Bis diese greifen, wird es vor allem auf die Kontrollsysteme in den Importländern ankommen. Doch in den USA können die 650 Kontrolleure lediglich weniger als ein Prozent der Einfuhren prüfen. Besser ist die Situation in der EU, wo ein Frühwarnsystem sämtliche Informationen über Schadstoffe in wöchentlichen Berichten bündelt: In der vergangenen Woche etwa meldeten niederländische Kontrolleure den Fund von Antibiotika in chinesischen Shrimps, italienische Inspektoren fanden Kadmium in Trockenpilzen und in Spanien wurde Quecksilber in Haifischfleisch aus China nachgewiesen.
Verstärkte Kontrollen
Fallen bestimmte Waren auf, werden sie künftig verstärkt kontrolliert. Einige Produkte, zum Beispiel chinesisches Geflügel, dürfen gar nicht eingeführt werden, andere unterliegen der so genannten Vorführpflicht und müssen beim Zoll vorgestellt werden, der dann die Lebensmittelüberwachung verständigt. Im vergangenen Jahr kam die Hälfte aller beanstandeten Waren in der EU aus China.
Eine Packung Garnelen in einem deutschen Einkaufswagen stammt im besten Fall aus einer Kiste, die dreimal kontrolliert worden ist: Zunächst bei der Einfuhr nach Deutschland, dann im Rahmen des repräsentativen Lebensmittelmonitorings und schließlich als Teil der regelmäßigen unangekündigten Kontrollen im Supermarkt. Im schlechtesten Fall wurden die Produkte des betreffenden Importeurs noch nie geprüft. "Das Problem bei allen Lebensmittelüberwachungen ist, dass nur Stichproben genommen werden", sagt Laura Groche, Ernährungsreferentin der Verbraucher-Initiative e.V., die sich für eine ökologisch und sozial verträgliche Produktion von Waren einsetzt.
Unvermeidliche Lücken
Doch auch häufige Überprüfungen weisen zwangsläufig Lücken auf. So könnten Erdbeeren in einem Supermarkt am Montag von sehr guter Qualität, am Mittwoch dagegen stark mit Pflanzenschutzmitteln belastet sein, sagt Hella Hansen von der Zeitschrift "Ökotest". Zudem macht die große Menge von Giftstoffen den Inspektoren die Arbeit schwer: Rund 400 Pestizide sind in Europa zugelassen, weltweit werden doppelt so viele verwendet. Weil nach ungewöhnlichen Substanzen gar nicht immer gefahndet werden kann, bleiben sie leicht unbemerkt.
Für die Risikobewertung dieser Stoffe ist die Europäische Behörde für Lebensmittelsicherheit (EFSA) im italienischen Parma zuständig. "Unsere wissenschaftlichen Gremien prüfen, ob eine Substanz, ein Prozess oder ein Produkt Risiken für Menschen, Tiere oder die Umwelt birgt", erklärt die EFSA-Sprecherin Carola Sondermann. Bis zum Verbot vergehen dann zum Teil nur wenige Tage: So gab die EFSA am 9. Juli ein Gutachten heraus, das warnte, der Farbstoff Rot2g könne möglicherweise Krebs erregen - schon am 20. Juli erließ Brüssel eine Verordnung, die seine Verwendung verbot.

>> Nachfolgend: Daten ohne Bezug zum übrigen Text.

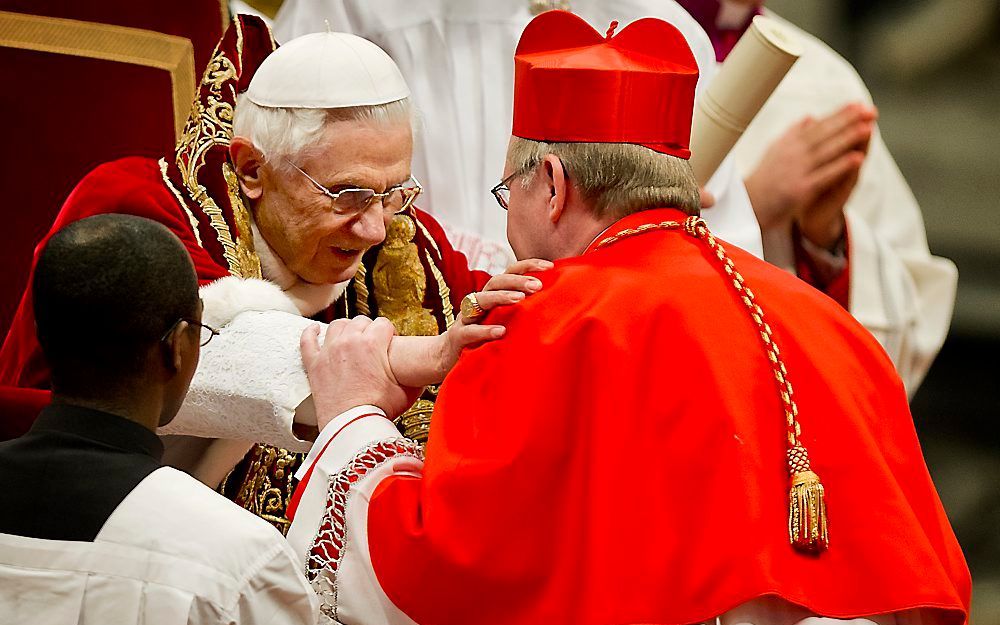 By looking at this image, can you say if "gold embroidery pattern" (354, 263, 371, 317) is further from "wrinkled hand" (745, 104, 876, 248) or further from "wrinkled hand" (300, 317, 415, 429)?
"wrinkled hand" (745, 104, 876, 248)

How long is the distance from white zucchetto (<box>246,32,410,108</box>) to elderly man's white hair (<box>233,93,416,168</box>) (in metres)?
0.01

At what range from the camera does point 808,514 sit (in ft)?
8.13

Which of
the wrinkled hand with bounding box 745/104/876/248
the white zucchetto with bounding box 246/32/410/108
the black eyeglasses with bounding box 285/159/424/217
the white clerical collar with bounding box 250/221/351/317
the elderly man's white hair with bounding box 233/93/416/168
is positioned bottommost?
the wrinkled hand with bounding box 745/104/876/248

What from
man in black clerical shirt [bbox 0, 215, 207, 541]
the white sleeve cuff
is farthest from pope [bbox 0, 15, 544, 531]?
man in black clerical shirt [bbox 0, 215, 207, 541]

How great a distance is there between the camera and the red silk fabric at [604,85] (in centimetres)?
280

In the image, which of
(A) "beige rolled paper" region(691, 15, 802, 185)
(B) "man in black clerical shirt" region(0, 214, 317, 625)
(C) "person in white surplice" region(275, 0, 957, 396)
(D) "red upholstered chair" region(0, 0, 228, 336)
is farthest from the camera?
(C) "person in white surplice" region(275, 0, 957, 396)

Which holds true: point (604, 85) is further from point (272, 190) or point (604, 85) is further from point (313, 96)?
point (272, 190)

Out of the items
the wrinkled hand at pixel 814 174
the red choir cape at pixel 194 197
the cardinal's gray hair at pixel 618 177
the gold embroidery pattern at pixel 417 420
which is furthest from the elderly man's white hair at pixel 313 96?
the wrinkled hand at pixel 814 174

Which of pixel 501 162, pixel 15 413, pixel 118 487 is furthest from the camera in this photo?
pixel 501 162

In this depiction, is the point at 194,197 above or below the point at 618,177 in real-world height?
below

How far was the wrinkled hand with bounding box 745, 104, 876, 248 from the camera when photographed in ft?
15.9

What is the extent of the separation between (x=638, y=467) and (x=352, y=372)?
0.67 metres

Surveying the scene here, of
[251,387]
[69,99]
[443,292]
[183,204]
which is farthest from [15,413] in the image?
[69,99]

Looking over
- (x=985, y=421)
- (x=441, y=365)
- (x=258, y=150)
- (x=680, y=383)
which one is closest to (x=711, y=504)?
(x=680, y=383) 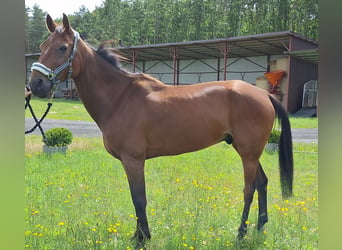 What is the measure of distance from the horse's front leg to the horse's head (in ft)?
3.20

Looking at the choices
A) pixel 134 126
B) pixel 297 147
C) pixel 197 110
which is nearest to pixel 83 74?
pixel 134 126

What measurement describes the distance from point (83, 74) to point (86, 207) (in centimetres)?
166

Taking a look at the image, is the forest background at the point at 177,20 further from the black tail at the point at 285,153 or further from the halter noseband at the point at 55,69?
the black tail at the point at 285,153

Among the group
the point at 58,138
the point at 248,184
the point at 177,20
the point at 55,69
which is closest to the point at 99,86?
the point at 55,69

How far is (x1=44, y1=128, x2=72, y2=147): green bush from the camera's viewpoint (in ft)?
16.5

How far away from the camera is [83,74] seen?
2.80 m

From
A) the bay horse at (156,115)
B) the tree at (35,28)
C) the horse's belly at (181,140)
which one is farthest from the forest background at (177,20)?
the horse's belly at (181,140)

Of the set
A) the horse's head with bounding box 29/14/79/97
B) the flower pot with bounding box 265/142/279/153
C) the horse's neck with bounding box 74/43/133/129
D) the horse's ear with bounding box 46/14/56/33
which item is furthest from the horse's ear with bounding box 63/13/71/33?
the flower pot with bounding box 265/142/279/153

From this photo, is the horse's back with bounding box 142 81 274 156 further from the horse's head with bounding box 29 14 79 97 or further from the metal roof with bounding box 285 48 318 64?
the horse's head with bounding box 29 14 79 97

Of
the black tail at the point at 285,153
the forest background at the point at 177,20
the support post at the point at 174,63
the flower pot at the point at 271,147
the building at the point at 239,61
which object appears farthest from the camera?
the flower pot at the point at 271,147

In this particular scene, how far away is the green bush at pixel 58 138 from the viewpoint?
5020 millimetres

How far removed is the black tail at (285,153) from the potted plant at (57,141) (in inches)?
144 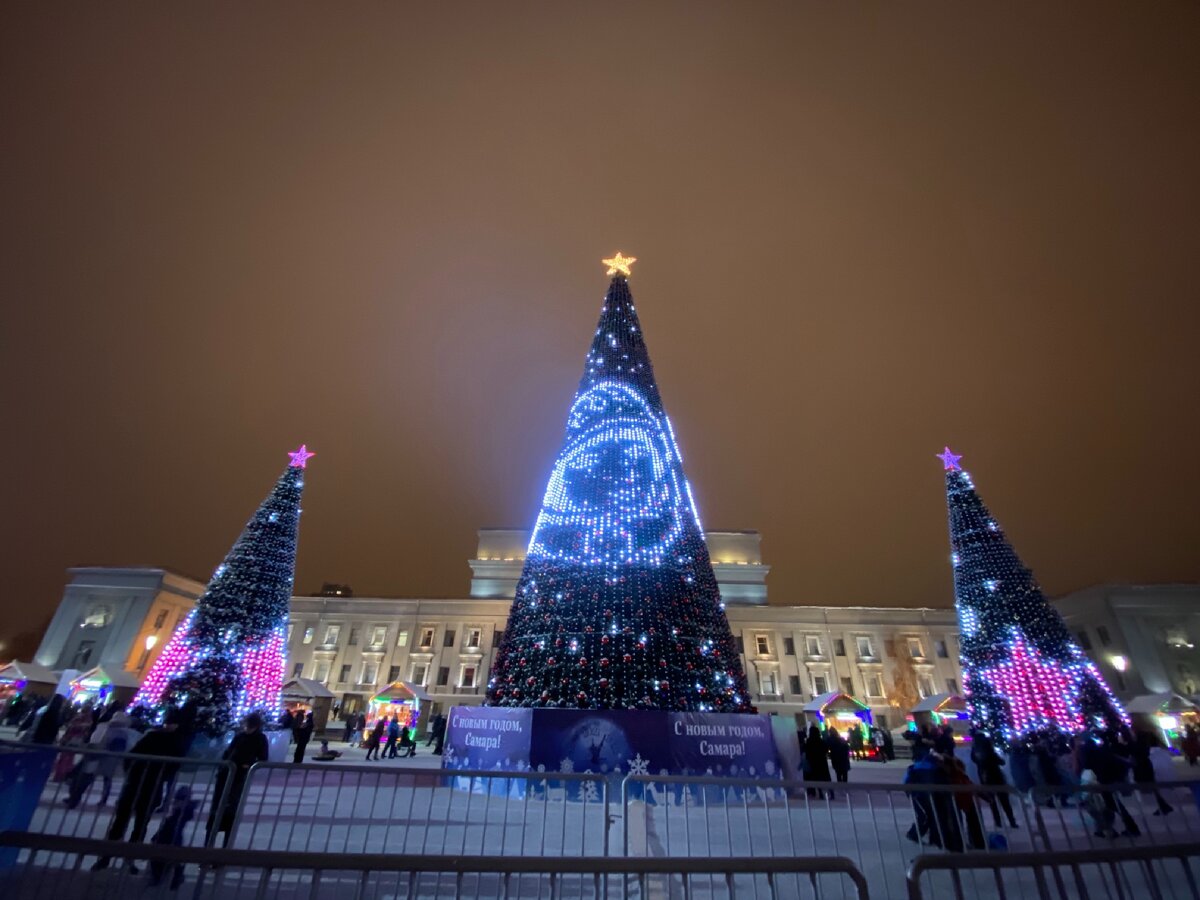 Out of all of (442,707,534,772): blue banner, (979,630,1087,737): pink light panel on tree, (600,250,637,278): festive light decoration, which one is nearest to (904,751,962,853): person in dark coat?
(442,707,534,772): blue banner

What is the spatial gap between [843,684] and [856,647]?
3086 mm

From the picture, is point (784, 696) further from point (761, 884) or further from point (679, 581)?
point (761, 884)

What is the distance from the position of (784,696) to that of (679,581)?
118ft

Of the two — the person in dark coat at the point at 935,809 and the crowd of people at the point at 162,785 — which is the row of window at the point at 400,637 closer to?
the crowd of people at the point at 162,785

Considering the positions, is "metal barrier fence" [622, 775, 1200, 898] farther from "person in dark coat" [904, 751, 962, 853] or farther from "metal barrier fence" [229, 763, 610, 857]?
"metal barrier fence" [229, 763, 610, 857]

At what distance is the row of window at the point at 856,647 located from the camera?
4188 cm

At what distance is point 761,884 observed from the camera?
4.92 metres

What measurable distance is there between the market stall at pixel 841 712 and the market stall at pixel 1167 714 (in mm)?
12726

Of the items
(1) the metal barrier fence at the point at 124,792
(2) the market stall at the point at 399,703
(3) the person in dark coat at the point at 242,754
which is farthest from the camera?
(2) the market stall at the point at 399,703

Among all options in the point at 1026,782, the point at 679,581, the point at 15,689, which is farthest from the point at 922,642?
the point at 15,689

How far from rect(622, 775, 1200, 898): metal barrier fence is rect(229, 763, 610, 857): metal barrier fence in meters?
0.70

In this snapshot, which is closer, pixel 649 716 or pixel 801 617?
pixel 649 716

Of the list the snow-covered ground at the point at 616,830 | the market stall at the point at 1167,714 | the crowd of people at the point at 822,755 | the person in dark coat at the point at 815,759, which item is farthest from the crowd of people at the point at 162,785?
the market stall at the point at 1167,714

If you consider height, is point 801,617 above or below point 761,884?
above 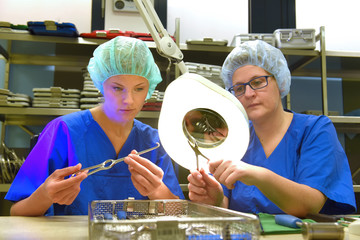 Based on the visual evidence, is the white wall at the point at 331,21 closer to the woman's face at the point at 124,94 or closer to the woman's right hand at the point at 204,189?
the woman's face at the point at 124,94

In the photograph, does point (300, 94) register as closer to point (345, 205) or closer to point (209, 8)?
point (209, 8)

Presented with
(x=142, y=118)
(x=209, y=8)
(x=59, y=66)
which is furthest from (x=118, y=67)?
(x=209, y=8)

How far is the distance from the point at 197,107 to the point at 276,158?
62 cm

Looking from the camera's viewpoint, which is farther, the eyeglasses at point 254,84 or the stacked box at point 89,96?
the stacked box at point 89,96

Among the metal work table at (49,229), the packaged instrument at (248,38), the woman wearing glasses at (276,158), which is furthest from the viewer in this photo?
the packaged instrument at (248,38)

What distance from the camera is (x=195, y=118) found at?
881mm

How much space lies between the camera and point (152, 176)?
42.9 inches

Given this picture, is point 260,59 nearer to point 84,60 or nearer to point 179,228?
point 179,228

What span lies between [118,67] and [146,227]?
911mm

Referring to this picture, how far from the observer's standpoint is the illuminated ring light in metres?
0.81

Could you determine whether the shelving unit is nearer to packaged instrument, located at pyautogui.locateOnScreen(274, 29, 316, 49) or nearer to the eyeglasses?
packaged instrument, located at pyautogui.locateOnScreen(274, 29, 316, 49)

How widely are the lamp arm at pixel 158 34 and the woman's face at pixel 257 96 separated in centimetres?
52

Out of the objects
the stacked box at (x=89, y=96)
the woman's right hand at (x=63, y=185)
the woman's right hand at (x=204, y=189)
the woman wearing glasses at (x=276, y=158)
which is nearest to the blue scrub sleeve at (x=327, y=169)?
the woman wearing glasses at (x=276, y=158)

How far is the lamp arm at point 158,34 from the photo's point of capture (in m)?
0.86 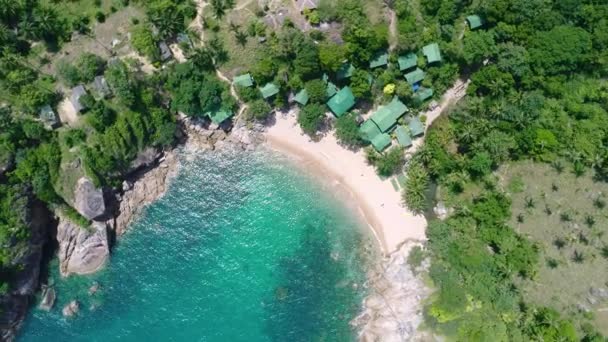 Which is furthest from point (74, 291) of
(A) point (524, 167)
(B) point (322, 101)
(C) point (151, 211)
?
(A) point (524, 167)

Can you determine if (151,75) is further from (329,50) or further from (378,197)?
(378,197)

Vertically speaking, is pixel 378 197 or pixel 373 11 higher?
pixel 373 11

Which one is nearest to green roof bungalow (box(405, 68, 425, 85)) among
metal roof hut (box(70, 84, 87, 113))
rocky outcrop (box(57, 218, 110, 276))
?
metal roof hut (box(70, 84, 87, 113))

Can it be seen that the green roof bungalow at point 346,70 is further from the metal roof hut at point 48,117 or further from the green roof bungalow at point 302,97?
the metal roof hut at point 48,117

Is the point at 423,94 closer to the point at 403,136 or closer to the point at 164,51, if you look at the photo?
the point at 403,136

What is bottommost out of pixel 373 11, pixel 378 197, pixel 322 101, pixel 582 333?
pixel 582 333

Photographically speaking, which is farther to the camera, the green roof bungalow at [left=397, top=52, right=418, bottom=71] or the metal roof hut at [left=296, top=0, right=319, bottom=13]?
the green roof bungalow at [left=397, top=52, right=418, bottom=71]

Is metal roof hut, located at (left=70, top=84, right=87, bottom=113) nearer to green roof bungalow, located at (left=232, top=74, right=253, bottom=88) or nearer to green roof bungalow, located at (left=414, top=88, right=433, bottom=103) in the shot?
green roof bungalow, located at (left=232, top=74, right=253, bottom=88) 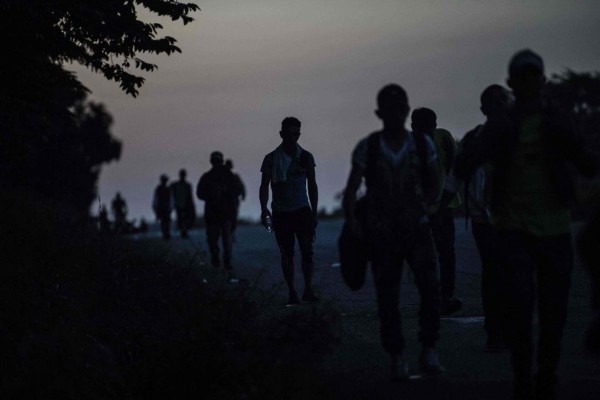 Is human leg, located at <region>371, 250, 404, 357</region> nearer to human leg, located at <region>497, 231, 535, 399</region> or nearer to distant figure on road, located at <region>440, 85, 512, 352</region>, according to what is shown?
human leg, located at <region>497, 231, 535, 399</region>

Ungeachtet der Probleme müsse sich niemand beim Einkauf ängstigen, betont Laura Groche. "Die europäischen Standards der Lebensmittelsicherheit gehören zu den höchsten der Welt", sagt die Verbraucherschützerin. "Verfehlungen, die dennoch immer wieder zu beklagen sind, geschehen daher auf einem insgesamt hohen Sicherheitsniveau."